== Dataset entries ==
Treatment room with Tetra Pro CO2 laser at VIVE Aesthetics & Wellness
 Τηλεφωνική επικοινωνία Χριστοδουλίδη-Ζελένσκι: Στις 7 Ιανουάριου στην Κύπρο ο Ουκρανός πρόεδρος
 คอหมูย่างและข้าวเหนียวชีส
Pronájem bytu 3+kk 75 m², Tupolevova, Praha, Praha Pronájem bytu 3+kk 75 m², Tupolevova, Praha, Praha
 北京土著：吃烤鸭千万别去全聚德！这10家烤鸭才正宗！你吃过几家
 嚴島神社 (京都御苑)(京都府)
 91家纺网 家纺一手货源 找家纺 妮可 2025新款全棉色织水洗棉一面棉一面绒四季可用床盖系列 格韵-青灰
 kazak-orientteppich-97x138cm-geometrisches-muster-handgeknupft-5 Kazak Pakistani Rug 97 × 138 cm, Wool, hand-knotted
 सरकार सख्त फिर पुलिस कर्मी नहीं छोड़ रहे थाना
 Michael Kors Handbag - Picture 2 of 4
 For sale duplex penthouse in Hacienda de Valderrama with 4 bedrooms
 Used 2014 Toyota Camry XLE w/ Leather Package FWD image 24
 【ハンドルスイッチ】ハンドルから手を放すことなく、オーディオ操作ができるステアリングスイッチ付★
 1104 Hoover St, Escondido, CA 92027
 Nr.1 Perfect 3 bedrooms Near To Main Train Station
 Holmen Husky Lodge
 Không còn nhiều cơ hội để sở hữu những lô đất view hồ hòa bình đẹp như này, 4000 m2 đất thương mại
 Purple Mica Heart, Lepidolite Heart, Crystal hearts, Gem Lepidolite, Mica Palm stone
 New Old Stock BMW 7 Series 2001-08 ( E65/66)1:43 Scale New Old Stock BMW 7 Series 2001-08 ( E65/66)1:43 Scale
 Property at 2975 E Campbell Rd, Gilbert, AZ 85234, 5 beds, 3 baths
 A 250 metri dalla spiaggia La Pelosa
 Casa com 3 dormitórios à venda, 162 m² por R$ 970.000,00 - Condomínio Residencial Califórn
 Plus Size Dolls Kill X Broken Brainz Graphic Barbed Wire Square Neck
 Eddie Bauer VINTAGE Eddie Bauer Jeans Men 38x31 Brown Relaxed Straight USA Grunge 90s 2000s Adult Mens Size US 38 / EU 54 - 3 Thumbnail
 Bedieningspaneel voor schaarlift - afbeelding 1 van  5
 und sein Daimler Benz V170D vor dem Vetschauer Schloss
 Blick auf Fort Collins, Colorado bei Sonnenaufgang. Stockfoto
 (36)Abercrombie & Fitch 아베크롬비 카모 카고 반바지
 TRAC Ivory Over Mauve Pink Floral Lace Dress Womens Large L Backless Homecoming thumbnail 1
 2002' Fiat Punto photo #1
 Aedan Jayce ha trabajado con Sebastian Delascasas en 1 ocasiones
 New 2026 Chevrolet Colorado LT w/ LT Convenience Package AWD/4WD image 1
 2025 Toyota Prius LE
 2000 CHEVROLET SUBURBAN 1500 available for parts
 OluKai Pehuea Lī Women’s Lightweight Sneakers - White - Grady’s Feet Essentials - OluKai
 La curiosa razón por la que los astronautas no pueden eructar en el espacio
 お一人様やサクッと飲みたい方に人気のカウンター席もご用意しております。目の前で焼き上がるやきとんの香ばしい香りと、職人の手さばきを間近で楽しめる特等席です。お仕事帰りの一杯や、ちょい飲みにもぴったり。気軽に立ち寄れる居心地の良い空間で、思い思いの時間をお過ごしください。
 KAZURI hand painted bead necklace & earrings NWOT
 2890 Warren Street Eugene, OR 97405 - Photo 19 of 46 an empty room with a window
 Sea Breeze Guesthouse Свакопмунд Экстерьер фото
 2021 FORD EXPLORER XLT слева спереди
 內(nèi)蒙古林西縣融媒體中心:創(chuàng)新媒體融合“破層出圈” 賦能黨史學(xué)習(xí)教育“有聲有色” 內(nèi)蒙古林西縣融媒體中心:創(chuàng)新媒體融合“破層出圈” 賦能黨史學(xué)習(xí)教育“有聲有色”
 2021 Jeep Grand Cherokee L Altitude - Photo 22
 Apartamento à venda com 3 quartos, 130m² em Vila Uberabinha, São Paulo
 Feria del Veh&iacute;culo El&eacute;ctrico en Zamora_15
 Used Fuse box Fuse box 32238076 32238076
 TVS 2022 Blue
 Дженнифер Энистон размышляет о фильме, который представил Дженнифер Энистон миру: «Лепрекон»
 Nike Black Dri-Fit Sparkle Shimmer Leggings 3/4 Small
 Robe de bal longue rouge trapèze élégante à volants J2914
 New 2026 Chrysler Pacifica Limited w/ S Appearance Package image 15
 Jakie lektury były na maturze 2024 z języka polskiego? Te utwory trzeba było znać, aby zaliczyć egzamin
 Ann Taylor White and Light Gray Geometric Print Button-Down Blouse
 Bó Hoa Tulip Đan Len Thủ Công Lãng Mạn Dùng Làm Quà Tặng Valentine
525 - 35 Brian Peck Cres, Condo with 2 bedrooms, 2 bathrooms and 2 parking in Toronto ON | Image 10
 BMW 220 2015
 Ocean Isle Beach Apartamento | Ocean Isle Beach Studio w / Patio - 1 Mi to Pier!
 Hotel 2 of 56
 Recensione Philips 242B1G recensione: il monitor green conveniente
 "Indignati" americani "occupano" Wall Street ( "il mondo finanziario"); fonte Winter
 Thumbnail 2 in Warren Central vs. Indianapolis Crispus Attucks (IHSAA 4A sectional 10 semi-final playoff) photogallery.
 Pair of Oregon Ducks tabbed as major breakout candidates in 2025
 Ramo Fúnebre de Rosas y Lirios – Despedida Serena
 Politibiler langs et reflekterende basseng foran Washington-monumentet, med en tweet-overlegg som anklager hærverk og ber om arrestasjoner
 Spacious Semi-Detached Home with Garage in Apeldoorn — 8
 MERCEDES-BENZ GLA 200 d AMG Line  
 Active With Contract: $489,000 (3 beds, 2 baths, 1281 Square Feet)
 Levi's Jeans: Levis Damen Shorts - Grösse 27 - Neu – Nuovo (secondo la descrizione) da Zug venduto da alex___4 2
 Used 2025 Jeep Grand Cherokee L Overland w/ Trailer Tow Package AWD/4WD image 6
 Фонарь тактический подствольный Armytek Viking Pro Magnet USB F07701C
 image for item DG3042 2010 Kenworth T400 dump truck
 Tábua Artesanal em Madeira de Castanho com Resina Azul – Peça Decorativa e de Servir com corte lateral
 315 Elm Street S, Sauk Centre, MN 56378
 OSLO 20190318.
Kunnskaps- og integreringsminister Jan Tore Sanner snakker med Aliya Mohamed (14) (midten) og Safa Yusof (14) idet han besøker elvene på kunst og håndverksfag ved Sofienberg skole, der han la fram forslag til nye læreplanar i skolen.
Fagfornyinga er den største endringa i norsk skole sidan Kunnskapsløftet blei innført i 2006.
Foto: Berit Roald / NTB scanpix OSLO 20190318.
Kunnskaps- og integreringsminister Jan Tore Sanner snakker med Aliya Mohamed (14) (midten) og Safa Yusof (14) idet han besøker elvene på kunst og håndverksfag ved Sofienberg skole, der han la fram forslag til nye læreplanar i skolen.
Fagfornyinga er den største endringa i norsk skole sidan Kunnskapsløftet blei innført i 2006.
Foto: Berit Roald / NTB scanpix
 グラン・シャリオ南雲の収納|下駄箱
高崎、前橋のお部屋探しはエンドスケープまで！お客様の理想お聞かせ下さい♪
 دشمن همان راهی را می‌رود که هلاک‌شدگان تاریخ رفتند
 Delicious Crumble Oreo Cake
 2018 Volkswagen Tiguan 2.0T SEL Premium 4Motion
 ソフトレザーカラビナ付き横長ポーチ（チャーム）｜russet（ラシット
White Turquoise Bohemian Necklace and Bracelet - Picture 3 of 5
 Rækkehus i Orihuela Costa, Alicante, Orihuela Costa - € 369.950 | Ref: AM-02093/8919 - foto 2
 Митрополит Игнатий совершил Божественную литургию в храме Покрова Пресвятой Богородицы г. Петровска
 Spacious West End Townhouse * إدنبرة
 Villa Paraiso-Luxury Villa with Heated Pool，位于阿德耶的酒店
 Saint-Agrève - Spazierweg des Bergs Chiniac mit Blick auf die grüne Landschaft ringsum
===
Exercise brief >> Return only the stretch of the material above from the line holding "Casa com 3 dormitórios" through the line holding "Eddie Bauer VINTAGE", copied exactly.

Output >>
 Casa com 3 dormitórios à venda, 162 m² por R$ 970.000,00 - Condomínio Residencial Califórn
 Plus Size Dolls Kill X Broken Brainz Graphic Barbed Wire Square Neck
 Eddie Bauer VINTAGE Eddie Bauer Jeans Men 38x31 Brown Relaxed Straight USA Grunge 90s 2000s Adult Mens Size US 38 / EU 54 - 3 Thumbnail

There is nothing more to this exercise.